Rusya-Ukrayna savaşından sonra İsrail-Filistin arasındaki çatışmaların şiddetinin artması piyasaları derinden etkiliyor. Özellikle İsrail-Filistin çatışmasının patlak vermesi döviz kurunu ve petrol fiyatlarını yükseltti. Söz konusu artışlar Türkiye’yi olumsuz etkilerken, ekonomist Mahfi Eğilmez, bugün konuya yönelik kaleme aldığı yazısında dikkat çeken değerlendirme bulundu.
Ekonomist Eğilmez, savaşa bağlı olarak piyasalardaki gelişmelerin Türkiye’nin aleyhinde işlediğini anlamı taşıdığını kaydetti.
Kurdaki yükseliş ile TL’nin değer kaybetmesiyle ithal girdilerin pahalandığını ve dolayısıyla enflasyonun yukarı yönlü tetiklendiğini bildirdi.
“İç Piyasayı Etkileyen Üç Durum Var”
Eğilmez, iç piyasayı etkileyen üç durumun olduğunu belirterek bunları şu şekilde açıkladı:
“Seçim maratonu, Kahramanmaraş merkezli depremlerin yarattığı yıkım, son dönemde faizlerde başlayan yükseliş.”
2024 Mart ayında yapılacak yerel seçimler kapsamında verilen vaatlerin bütçeye yük getireceği ve enflasyonun daha fazla artacağını bildirdi.
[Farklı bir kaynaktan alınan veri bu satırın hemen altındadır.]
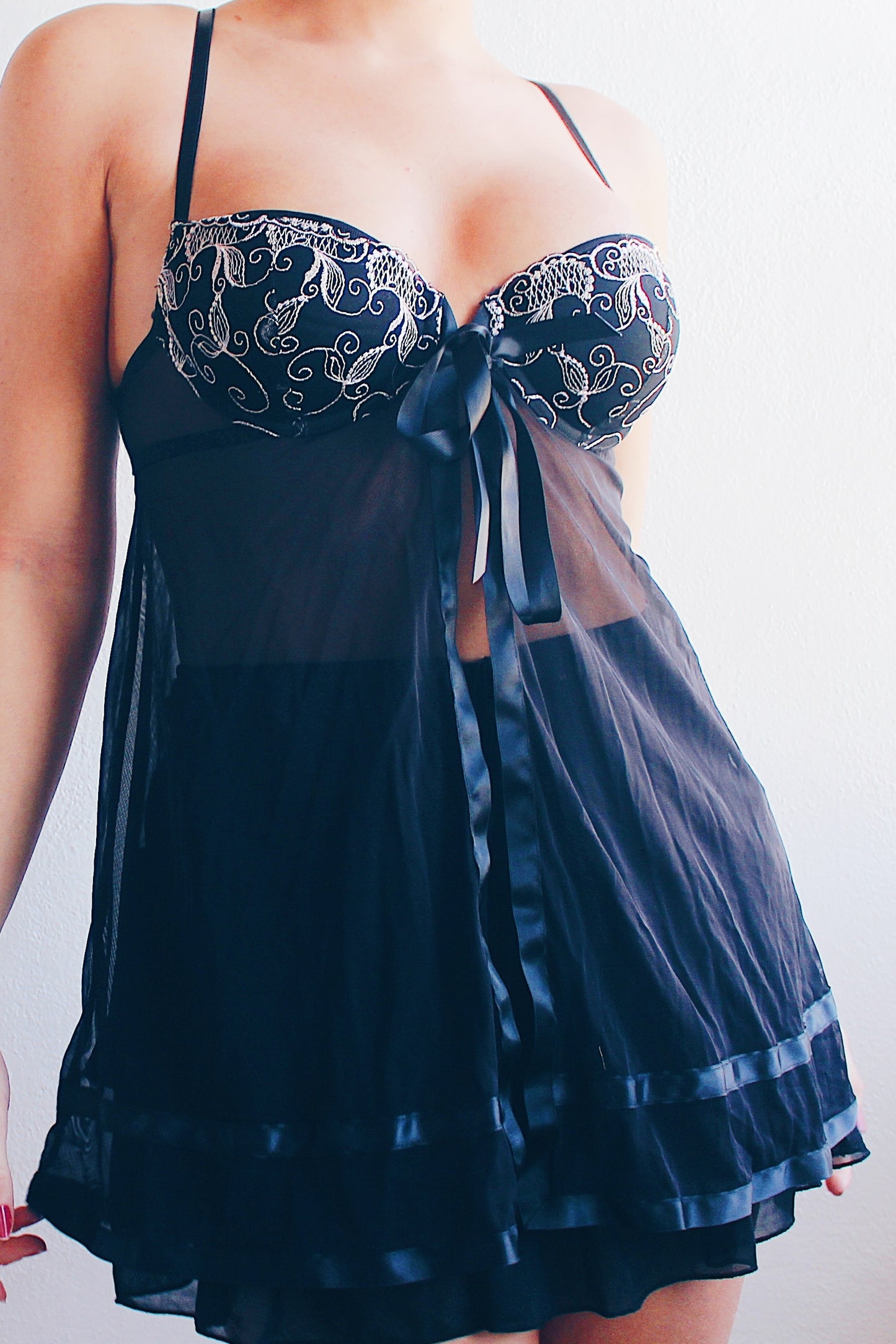 Y2K Lingerie Revived: Vintage Sheer Black Teddy / Embroidered underwire babydoll bra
Enflasyonu etkileyen bir önemli maddenin ise vergi artışları olduğunu vurguladı.
“Faiz Neden, Enflasyon Sonuçtur Görüşü Yanlış Kararlar Aldırdı”
Uzun süre önce Merkez Bankası’nın, hükümetin ‘faiz neden, enflasyon sonuçtur’ görüşüne uyarak politika faizini düşürmesinin enflasyonist baskının Türkiye’yi pek çok alanda yanlış kararla yönelttiğini bildirdi.
TL mevduat faizleri enflasyonun çok altına düştüğü için vatandaşın döviz, altın, konut, otomobil ve diğer malları almaya yöneldiğini kaydetti. Bu durumu Eğilmez şu şekilde açıkladı:
“Bu yönelişleri tümüyle paralarının değerini koruyabilmek içindi. Faiz yoluyla koruyamadıkları anaparayı bu yollarla korumaya yöneldiler ve bu yanlış faiz kararı piyasada çarpıtmaya (distortion) yol açtı.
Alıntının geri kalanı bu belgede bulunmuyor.